668 - Multidrug-Resistant Gram-Negative Bacteria and Antibiotic Resistance Genes in Preterm Breastmilk

Saturday, April 29, 2023

3:30 PM – 6:00 PM ET

Poster Number: 668
Publication Number: 668.241

Sourabh Dutta, Postgraduate Institute of Medical Education and Research, Chandigarh, Chandigarh, India; Manisha Biswal, Postgraduate Institute of Medical Education and Research, Chandigarh, Chandigarh, India; Pallab .. Ray, PGIMER, Chandigarh, Chandigarh, India; Ambika Sharma, PGIMER, Chandigarh, Chandigarh, India; Anwesha Chakraborty, Post graduate institute of medical education and research, Chandigarh, Chandigarh, India; vanita suri, PGIMER, chandigarh, Chandigarh, India

Presenting Author(s)

Sourabh Dutta, MBBS, MD, PhD (he/him/his)

Professor
Postgraduate Institute of Medical Education and Research
Chandigarh, Chandigarh, India

Background: Mothers delivering preterm are often exposed to broad-spectrum antibiotics. This may select out potentially pathogenic multidrug-resistant (MDR) bacteria, such as extended-spectrum beta-lactamase (ESBL) producing and carbapenem-resistant gram-negative bacteria (CRGNB) in breastmilk. This could contribute to a neonatal gut resistome.

Objective: Preterm milk samples were studied to determine the presence of ESBL-producing GNB and CRGNB, and the associated antibiotic resistance genes (ARGs).

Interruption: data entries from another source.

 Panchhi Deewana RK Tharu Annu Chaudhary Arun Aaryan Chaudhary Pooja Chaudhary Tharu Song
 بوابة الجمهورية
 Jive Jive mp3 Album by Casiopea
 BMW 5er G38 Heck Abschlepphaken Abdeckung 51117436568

Design/Methods: Mothers who delivered at 28-34 weeks and had received peri-partum antibiotics were enrolled at ≤10 days postpartum. A breastmilk sample was aseptically collected and cultured. Bacteria were identified using matrix assisted laser desorption ionization-time of flight mass spectrometry (MALDI-TOF MS), focusing on a panel of gram-negative neonatal pathogens of interest, such as Escherichia coli, Klebsiella pneumoniae etc. Antimicrobial sensitivity was tested by the Vitek2 system. Standard definitions were used for ESBL and CRGNB. In addition, DNA was extracted directly from the samples, and multiplex PCR assays run to detect 15 common ARGs for ESBL and CRGNB. Neonates were followed up to record episodes of gram-negative sepsis, if any. In the event of episodes due to organisms similar to those in the breastmilk (species with identical antibiograms), we planned to perform multi-locus sequence typing (MLST) to verify strain identity.

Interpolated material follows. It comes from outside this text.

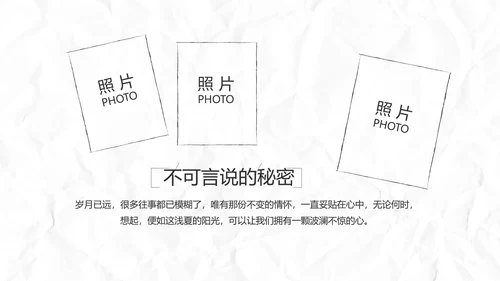 致青春毕业季大学毕业纪念册电子相册动态PPT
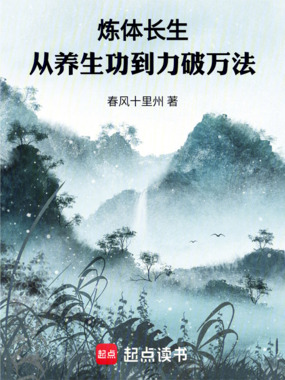 炼体长生,从养生功到力破万法在线阅读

Results: Of 130 mothers screened, 100 were enrolled. 10 isolates of potentially pathogenic GNB were grown from 9 breastmilk samples (Escherichia coli= 3, Klebsiella pneumoniae= 4, Pseudomonas aeruginosa =2 and Acinetobacter baumannii =1). Three of them were ESBL producing, 2 CRGNB, one both ESBL and CRGNB, and 4 were neither. The prevalence of ARGs associated with ESBL was: blaTEM: 24/100 (24%), blaSHV: 28%, blaOXa-1: 22%, CTX-M1: 24%, CTX-M2: 5%, CTX-M9: 7%, blaACC: 0%, blaFOX: 33%, blaMOX: 2%, blaDHA: 0%, blaCIT: 33%, and blaEBC: 1%. The prevalence of ARGs associated with CRGNB was: blaIMP: 49/100 (49%), blaVIM: 15%, and blaKPC: 3%. One neonate each developed an episode of E coli, K pneumoniae and A baumannii sepsis. However, none was due to a strain with a similar antibiogram as in breastmilk, precluding the need for MLST.

Conclusion(s): There is a high prevalence of ARGs associated with ESBL and CRGNB in preterm breastmilk. A significant proportion has potentially pathogenic ESBL-producing bacteria and CRGNB. No neonate had gram-negative sepsis due to these species. However, among preterm infants, breastmilk intake may contribute to acquiring a gut resistome soon after birth.